» **Available data**
=== Begin Enclosure ===

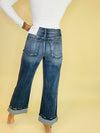 Jasmine dark wash denim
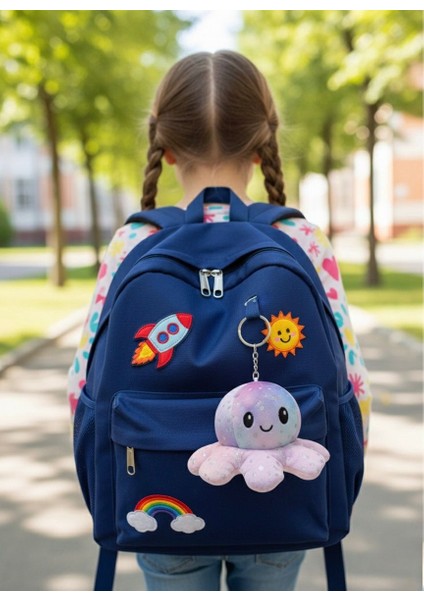 Atakids Mod Değiştiren Sevimli Peluş Ahtapot Oyuncak - Anahtarlık - Çanta Süsü indirimleri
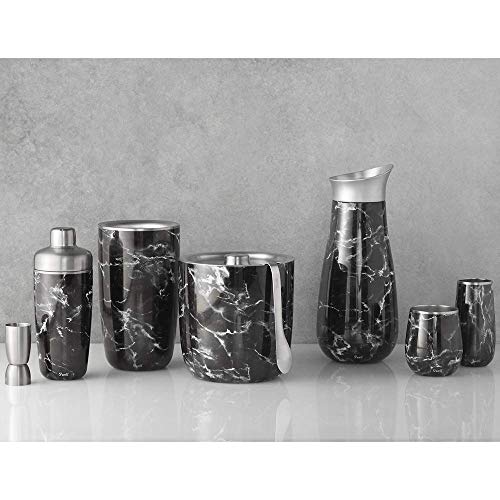 S'well Stainless Steel Ice Bucket with Tongs Holds 68oz of Ice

=== End Enclosure ===

Write out, word for word, the line containing "Atakids Mod Değiştiren" and each line after it to the end of the data, and nothing more. Drop the pictures.

» **Response area**
 Atakids Mod Değiştiren Sevimli Peluş Ahtapot Oyuncak - Anahtarlık - Çanta Süsü indirimleri
 S'well Stainless Steel Ice Bucket with Tongs Holds 68oz of Ice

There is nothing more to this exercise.